Human development — which includes income, health, education and other factors — was indirectly, negatively impacted by tourism specialization, but the increase in economic growth helped to reverse the human development trend, at least in terms of income.

“You cannot build a hospital on your own,” Croes said. “So tourism provides you with a job, provides you with income in your household, but there needs to be an organizational infrastructure to take care of other dimensions of human development, like education and health.”

The government plays an important role in the intensity and speed of tourism specialization’s impact on residents’ lives, he added.

“It is a mediating factor that can either pull you up or pull you down,” Croes said.

In the case of Poland, the researchers suggest the government has two options to extend the impact of tourism specialization on the country: It can put strong emphasis on tourism development in order to better compete with other destinations and increase international tourism to the country; or it can find a balance between using of tourism as a channel for private incomes and using it as a trigger for public provisioning for social services, especially health and education. 

Within the next two years, Croes and his fellow researchers intend to conduct a panel analysis of other transition economies in Eastern Europe, such as Hungary, Bulgaria and Romania, to examine if the effects in Poland were consistent across countries in similar situations.

“Context is very, very important here,” Croes said. “So we do not see any reason why it would not apply to other transition economies. But the mediating factor here is the context of that particular transition economy.”

Research for the paper began several years ago when Croes met Monika Bąk, dean of economics at the University of Gdansk in Poland, at a conference and they began discussing opportunities for international collaboration. Croes had previously studied the impact of tourism on developing countries and islands, and the two agreed to test tourism specialization hypotheses on transition economies.

The most important part of the research to understand, Croes said, was the context and interpretation of the data.

“Using the procedures in order to make sure that it’s rigorous, that wasn’t really an issue,” Croes said, because he had used similar procedures in other cases. “It was more the interpretation of what we found to make sense in that particular context. And also whether we can explain it theoretically, which is very, very important."
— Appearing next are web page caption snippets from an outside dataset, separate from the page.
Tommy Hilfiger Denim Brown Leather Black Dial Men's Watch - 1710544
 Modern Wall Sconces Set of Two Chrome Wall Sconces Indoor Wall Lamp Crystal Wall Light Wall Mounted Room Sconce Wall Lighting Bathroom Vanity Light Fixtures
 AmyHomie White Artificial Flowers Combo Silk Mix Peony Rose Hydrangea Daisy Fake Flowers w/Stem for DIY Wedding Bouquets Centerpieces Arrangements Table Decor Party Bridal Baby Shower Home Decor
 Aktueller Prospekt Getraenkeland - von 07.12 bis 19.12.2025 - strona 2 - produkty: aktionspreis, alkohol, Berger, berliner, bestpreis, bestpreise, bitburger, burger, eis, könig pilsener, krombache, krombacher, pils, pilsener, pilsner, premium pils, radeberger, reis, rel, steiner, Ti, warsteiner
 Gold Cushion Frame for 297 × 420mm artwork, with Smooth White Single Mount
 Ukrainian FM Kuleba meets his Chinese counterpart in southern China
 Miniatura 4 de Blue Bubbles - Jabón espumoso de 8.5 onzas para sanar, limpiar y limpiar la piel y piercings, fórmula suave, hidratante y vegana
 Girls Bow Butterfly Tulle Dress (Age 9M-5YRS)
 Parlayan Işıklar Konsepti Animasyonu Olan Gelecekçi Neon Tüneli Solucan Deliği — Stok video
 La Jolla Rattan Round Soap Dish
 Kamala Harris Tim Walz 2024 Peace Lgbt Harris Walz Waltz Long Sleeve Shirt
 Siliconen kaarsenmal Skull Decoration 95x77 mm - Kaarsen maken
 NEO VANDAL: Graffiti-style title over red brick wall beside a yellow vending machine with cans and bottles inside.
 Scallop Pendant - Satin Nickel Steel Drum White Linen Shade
Prior to joining the University of Central Florida in the early 2000s, Croes managed tourism in Aruba. When he was offered a faculty position by the university, Croes realized he was one of only a few economists with a background in both economics and tourism.

“Usually, economists do not look at tourism in a serious way,” he said. “So that is how it started.”

The study “Tourism specialization, economic growth, human development and transition economies: The case of Poland,” published in the February 2021 edition of  Tourism Management, was authored by Robertico Croes, University of Central Florida; Jorge Ridderstaat, UCF; Monika Bąk, University of Gdansk; and Piotr Zientara, University of Gdansk.